> **PROBLEM**: Only the lines from the one with "3 Wick Hearth Glass - White Cypress" to the end of the data, both ends included, should be output, exactly as they stand and without pictures.

Short web captions
┄┄┄┄┄┄┄┄┄┄┄┄┄┄┄┄┄┄┄┄

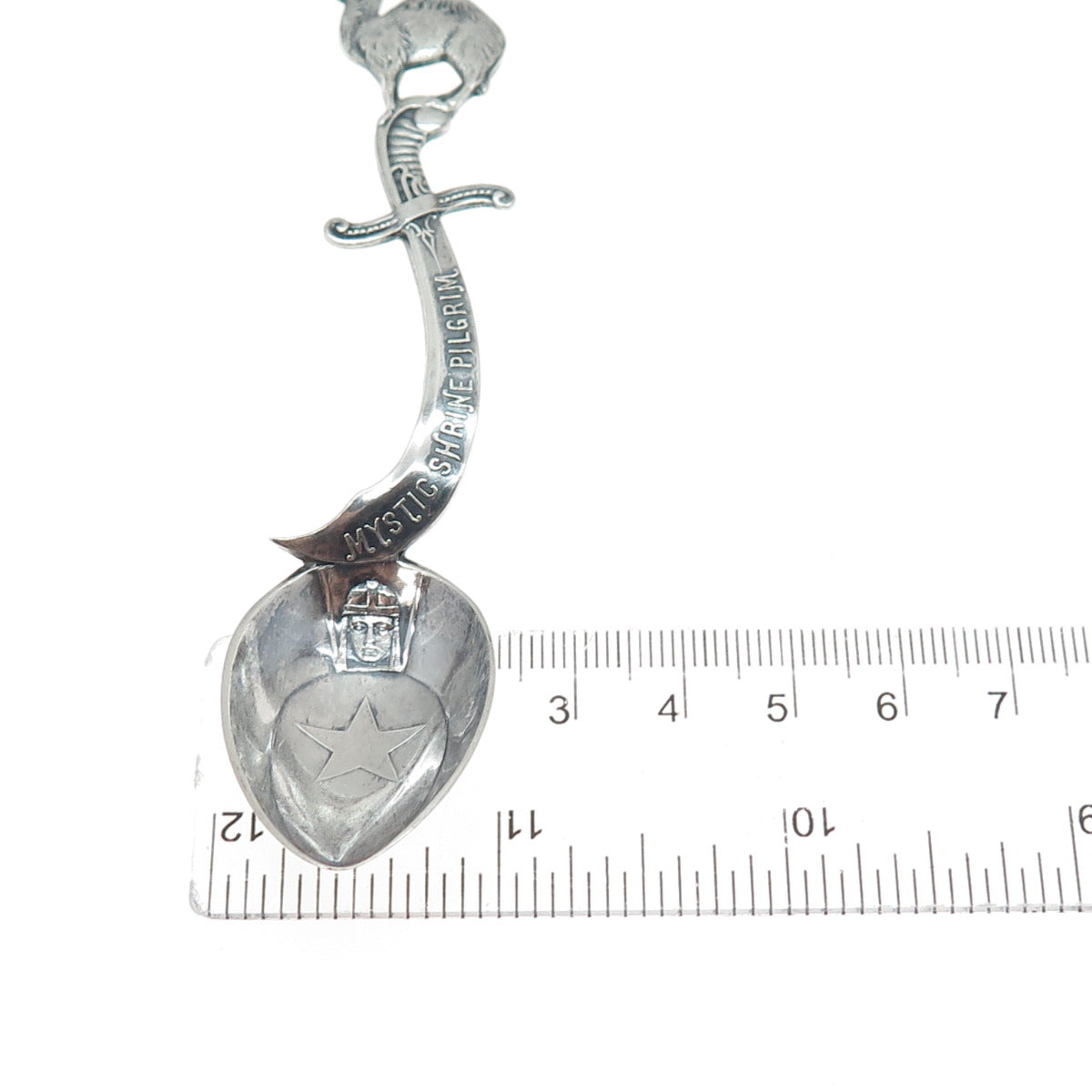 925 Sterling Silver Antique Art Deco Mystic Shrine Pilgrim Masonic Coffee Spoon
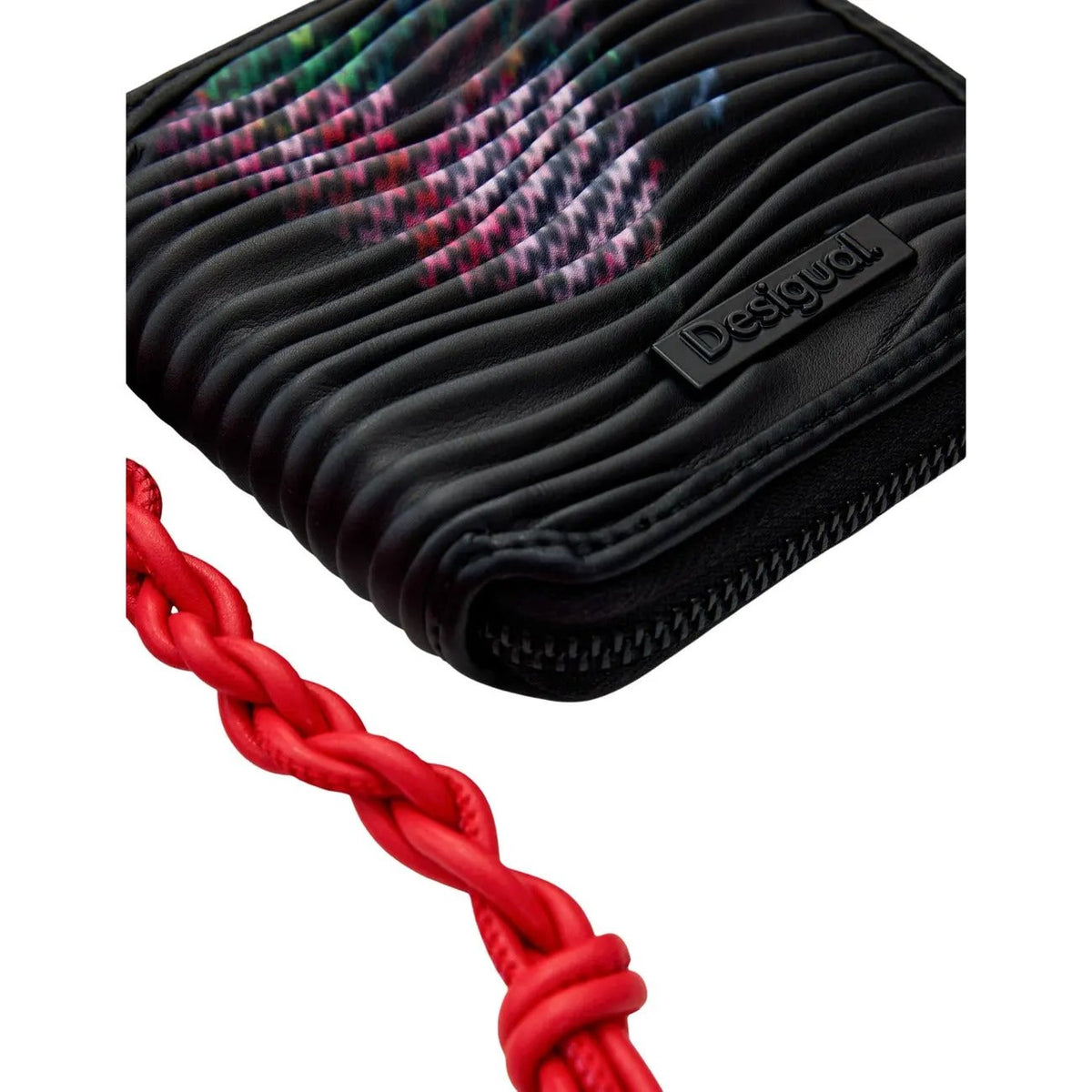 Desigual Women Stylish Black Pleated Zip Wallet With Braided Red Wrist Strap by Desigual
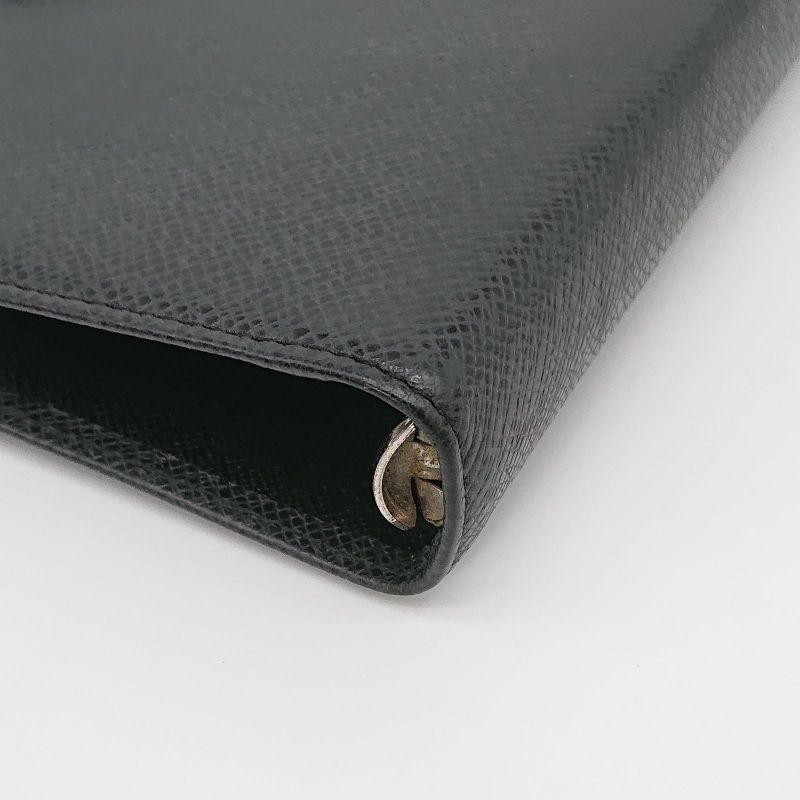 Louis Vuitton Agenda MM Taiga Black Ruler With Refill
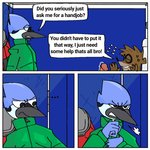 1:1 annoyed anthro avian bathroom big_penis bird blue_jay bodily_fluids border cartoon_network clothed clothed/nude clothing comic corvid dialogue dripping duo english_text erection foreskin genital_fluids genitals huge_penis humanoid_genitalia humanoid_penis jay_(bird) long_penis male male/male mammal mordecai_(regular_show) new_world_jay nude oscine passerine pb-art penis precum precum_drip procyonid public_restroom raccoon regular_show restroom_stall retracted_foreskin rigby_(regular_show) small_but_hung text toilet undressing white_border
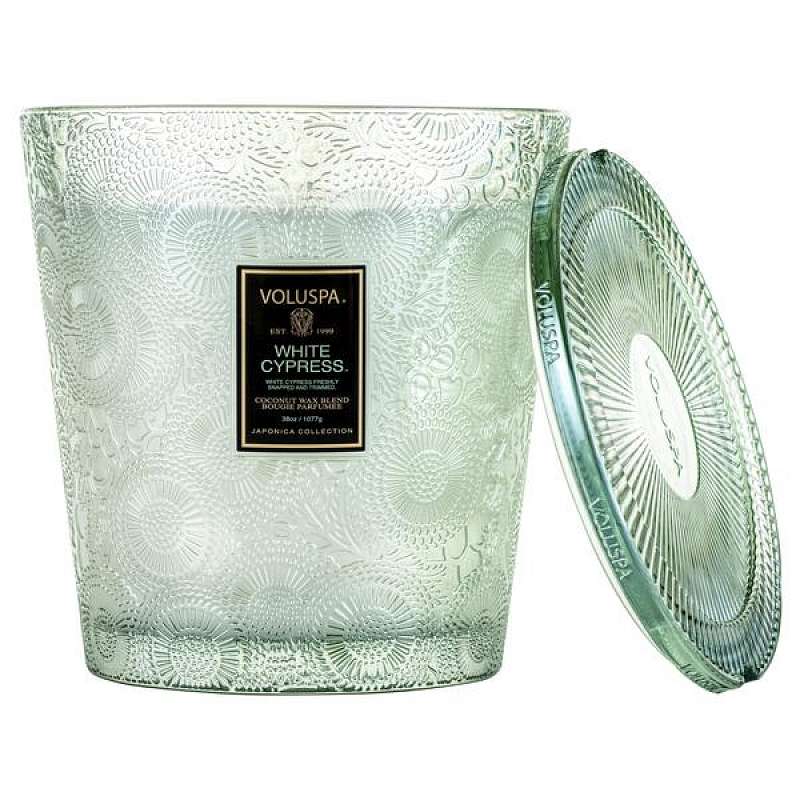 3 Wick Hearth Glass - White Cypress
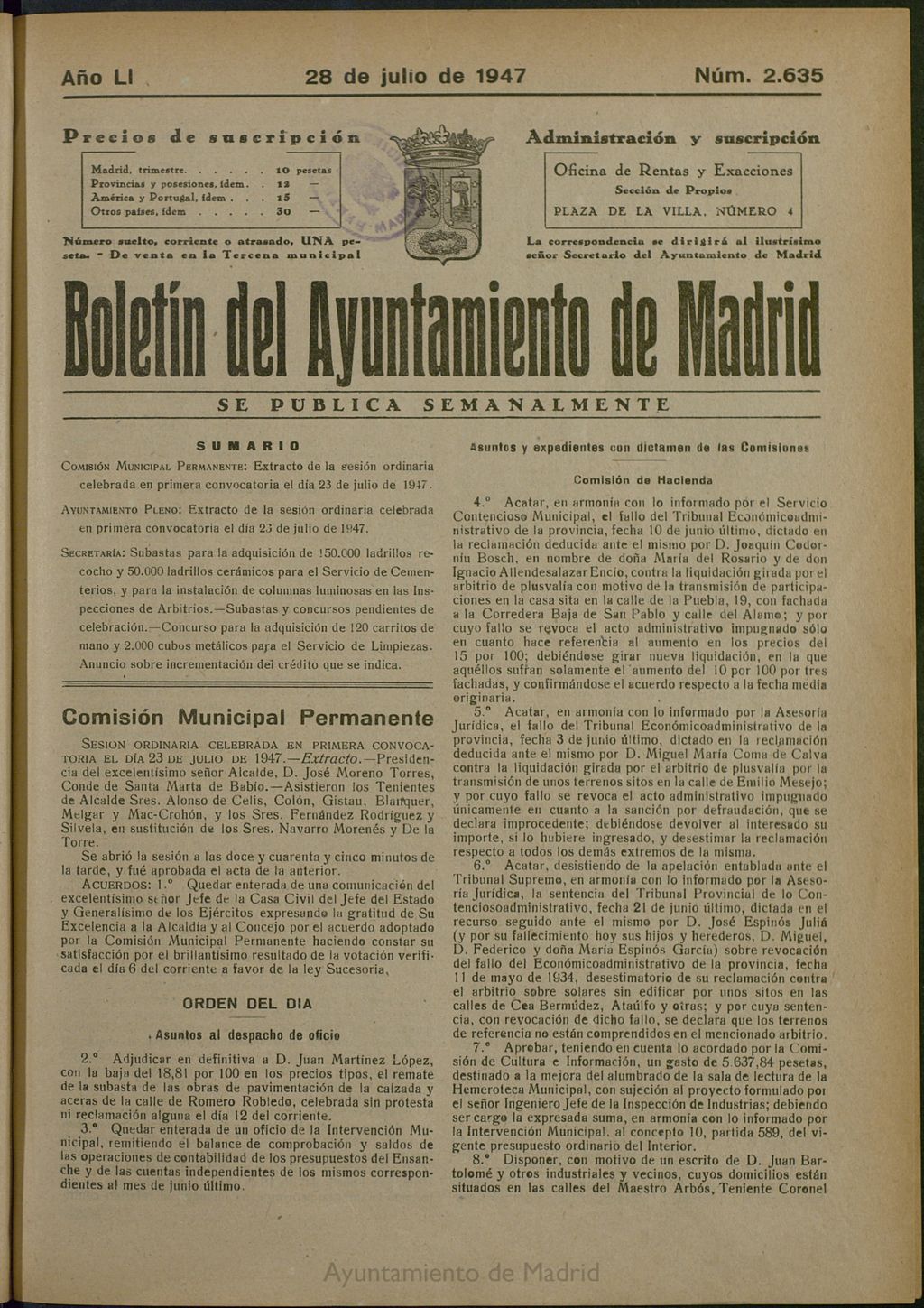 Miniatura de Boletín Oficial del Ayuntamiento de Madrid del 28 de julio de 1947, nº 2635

┄┄┄┄┄┄┄┄┄┄┄┄┄┄┄┄┄┄┄┄

> **WRITTEN RESPONSE**:
 3 Wick Hearth Glass - White Cypress
 Miniatura de Boletín Oficial del Ayuntamiento de Madrid del 28 de julio de 1947, nº 2635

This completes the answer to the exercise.